Sta uscendo il libro di Harry Potter, mi intriga, lo voglio conoscere. Per averlo in inglese, dovrei attendere mesi, invece la mia amica dall'Inghilterra non me lo fa sospirare. Quando arriva, lo divoro, sospirando su incantesimi e arte linguistica, rintracciandovi persino indizi di filosofia.
Eccezione, all'ultima puntata. Sono così scossa dal fatto che sia quella conclusiva (e fiuto che finirà male il mio eroe) che stringo un patto con me stessa: non lo sbranerò come al solito in pochi giorni, ma mi costringerò a leggere un solo capitolo quotidiano. Ok, qualche volta sono due, ma devo dire che mi rivelo piuttosto osservante.

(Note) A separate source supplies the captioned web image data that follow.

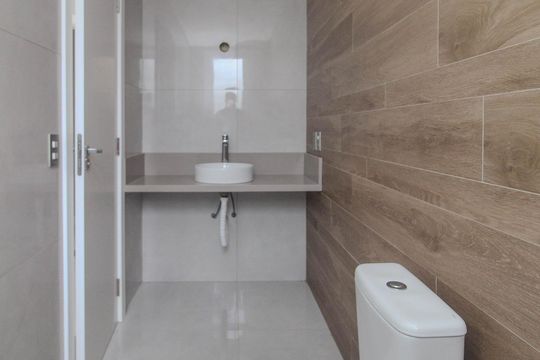 Banheiro da Suíte de casa de condomínio à venda com 3 quartos, 200m² em Hípica, Porto Alegre
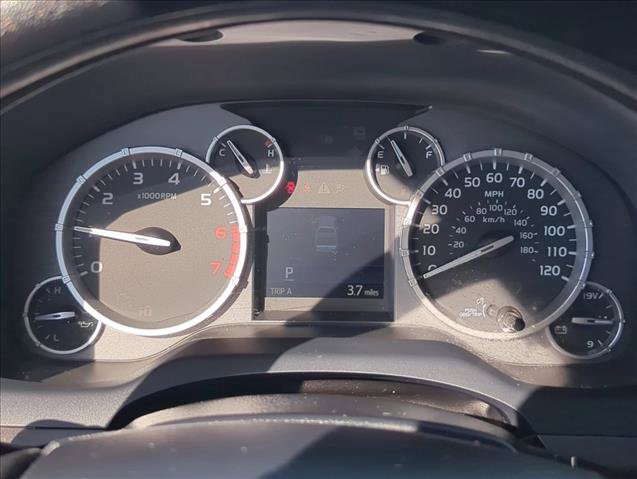 Used 2014 Toyota Tundra SR5 w/ SR5 Upgrade Package RWD image 19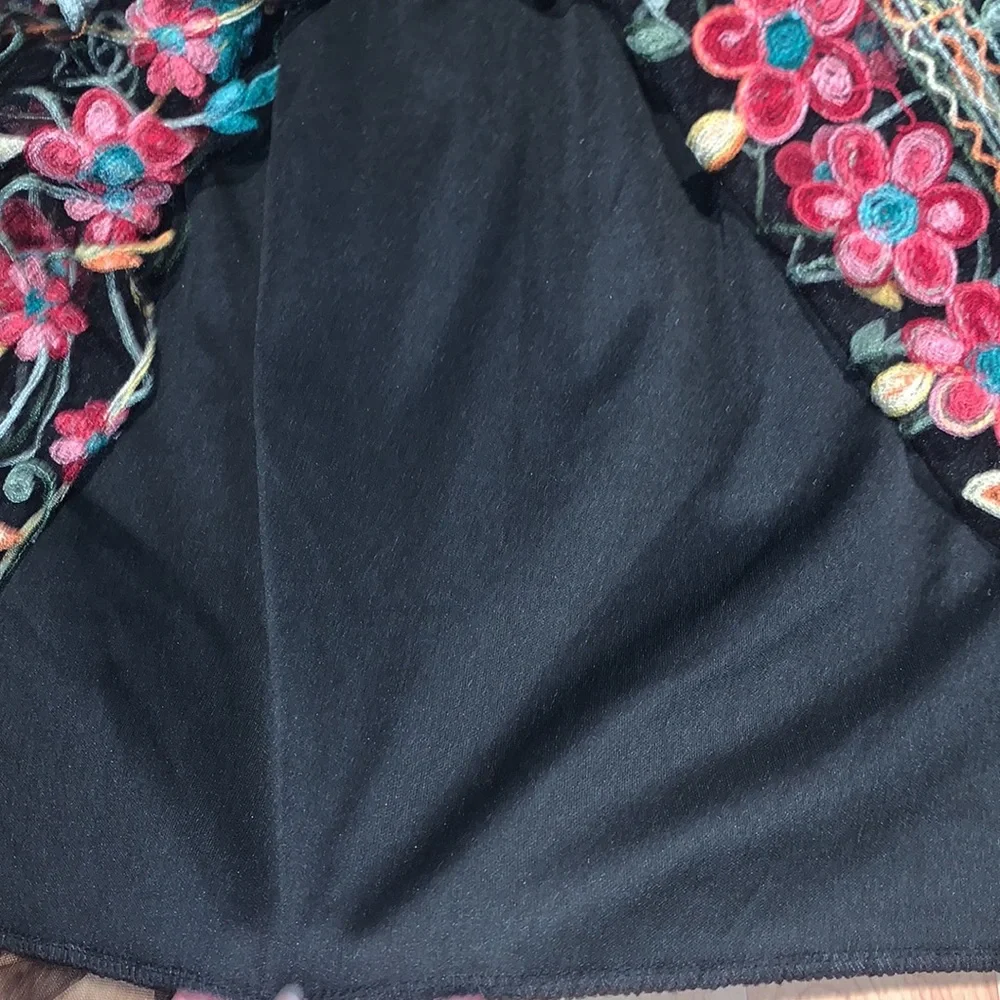 San Francisco | Beautiful Embroidered Floral Skirt - Picture 10 of 15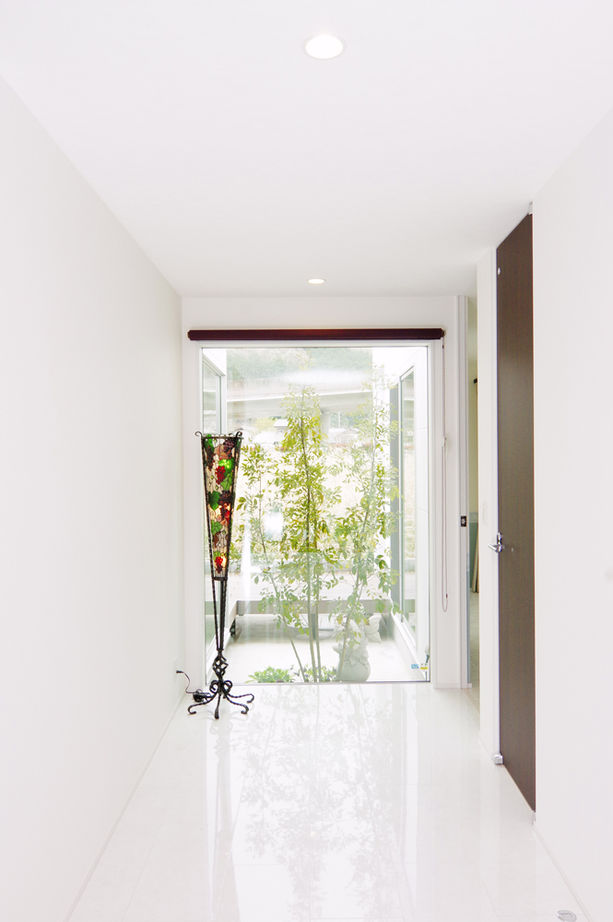 ビー・エル・ビルド　ビルド一級建築士事務所 【1000万円台/46.9坪/平屋/間取り図】37畳超の開放的な吹き抜けLDKに眺望も楽しめる広々屋上のある平屋住宅の建築実例画像6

L'anno scorso fiuto un libro che non è proprio la continuazione, ma almeno placa l'appetito. Lo trovo agevolmente già in inglese, in libreria. Lo appoggio un attimo, senza neanche aprirlo: al momento giusto lo gusterò e già lì dovrei insospettirmi.
Invece, me ne dimentico. Addio trepidazione. Fino a stasera, quando lo apro e scopro che è una sorta di sceneggiatura. Non mi sento nemmeno delusa. Forse perché io, per Harry Potter, non c'ero già più.
Non so se sia invecchiato Harry Potter. Io, immagino, un pochino.